I hated stats class in graduate school. Nothing made me feel dumber, faster. So, this post is dedicated to that full year of ridiculous, and I hope to now reduce the key points to a 5-minute blog post.
Regression. Sounds hard, right? Watch this.
Let’s say you’ve observed a series of events. Maybe it’s the temperature and the time of day. Maybe it’s the amount of people and energy consumption. Doesn’t matter. Now, you take the numbers from those observations and you put them on a regular X- and Y-graph.
Those circles are all in a rough pattern, right? They’re going up and to the right pretty much together. When one thing is larger, the other thing is larger.
So, Statistics cool fact #1 (and we’re only about 1 minute in here, people): when two things “move together,” they’re correlated. Bang, you just learned correlation.
Ok, what’s up with that red line? That is called the “line of best fit.” Why? Just look at it. If you had to draw one line to go in between all of those circles, that’s about where it would go, right?
And that’s all regression is, really: finding that line. Seriously, that’s it. You don’t even have to know how it does it if you don’t want to.1
So what do you do with that line? Well, if you remember high school geometry, you had to learn about slopes. y = mx +b and all that. Don’t worry.

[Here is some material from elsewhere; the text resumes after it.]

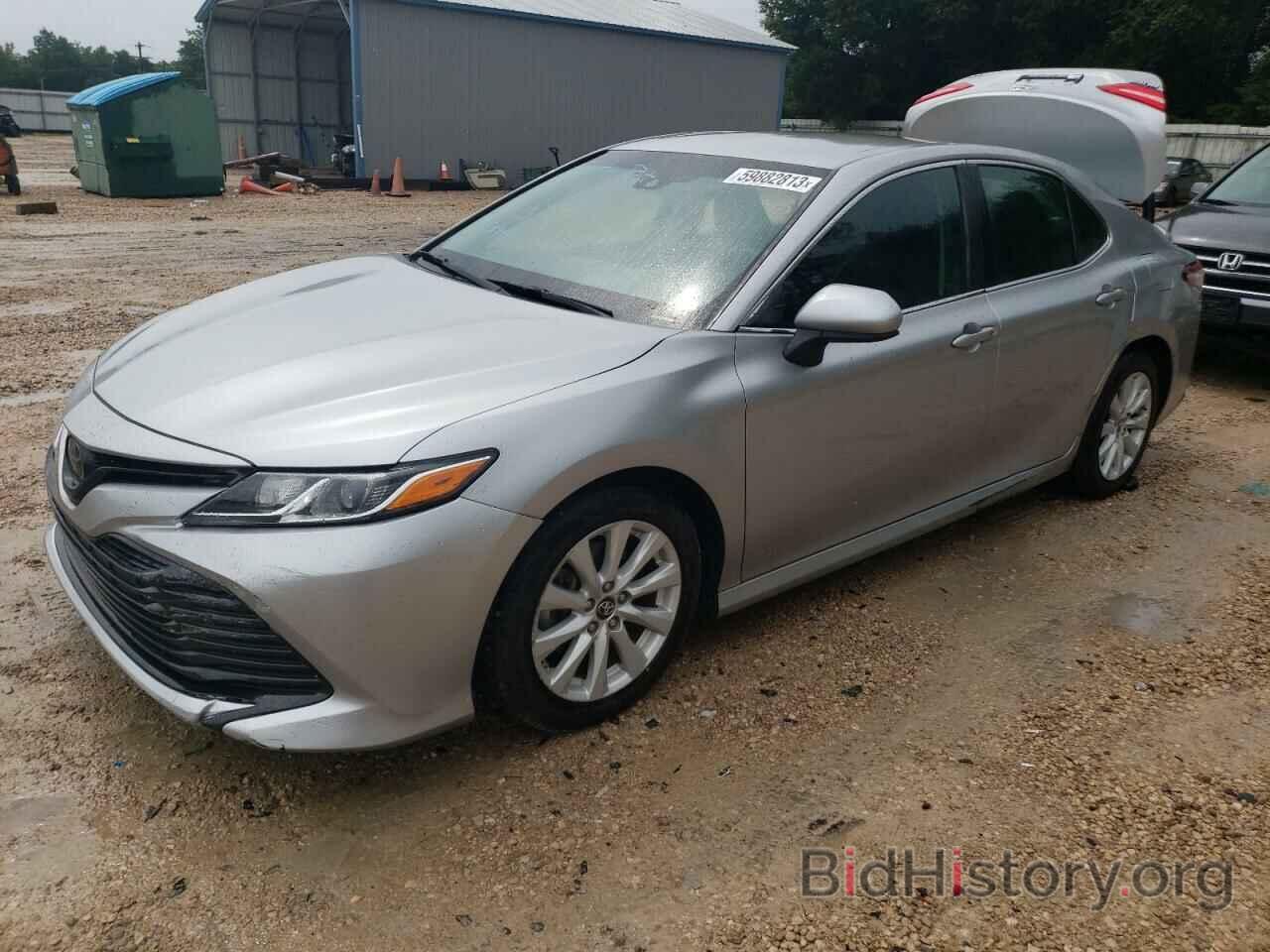 Photo 4T1B11HK4JU077543 - TOYOTA CAMRY 2018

But do you remember that m was the slope, the “rise over the run”? Well, now you do.
That slope is what we call a coefficient. It just says that for every unit of the thing, this other thing changes this much. Look at that red line. For every amount on X, it moves an amount of Y (thus, you know, making it a straight line).
What does that mean? It means for every unit of X, Y changes a certain amount. Let’s say that we’re looking at people and energy consumption in a city. For every person you add, energy consumption in the city goes up some fixed amount. Or, rather than game analytics, say this is eCommerce and it’s every page they view, spending in the store goes up some fixed amount.

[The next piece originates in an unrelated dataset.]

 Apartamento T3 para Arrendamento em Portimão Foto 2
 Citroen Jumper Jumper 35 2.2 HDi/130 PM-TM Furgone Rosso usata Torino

Imagine if the points were shaped (we say “distributed”) another way:
Ok, so the line is different now. And the coefficient for it will be negative. Why? For every unit of X, Y is actually going down now (that’s negative correlation if you want to get fancy).
These coefficients are pretty useful. Now realize that you can come up with one for just about anything if you have the data. What do you want to know?
The nifty thing about regression is that it can give you these slope numbers (coefficients) for a bunch of things at once. So, you can know something like “what’s the relationship of time on site to spending, controlling for gender?”
The results will tell you, for every unit of time on site, how much more spending the person will engage in. And they do so while taking the gender of the person out of the picture and putting that off to the side. In fact, gender also gets its own coefficient. So, we get to know for men or women, independent of how much time they spend on the site, who spends more?
The rest is all details, things you aren’t allowed to do (like putting tons and tons of variables in at once, or trusting a model with crummy results), and months of walking through boring proofs. But you’ve just learned 90% of the important part. And you can do this in Excel.
1Of course, lots of people care a lot about this. Here’s the short version: It draws the line where the distance from the line to the circles is smallest overall. It does this by taking those distances and squaring the amounts, so that circles really far off will pull the line harder towards them. Those are (Malcolm Gladwell love this) outliers.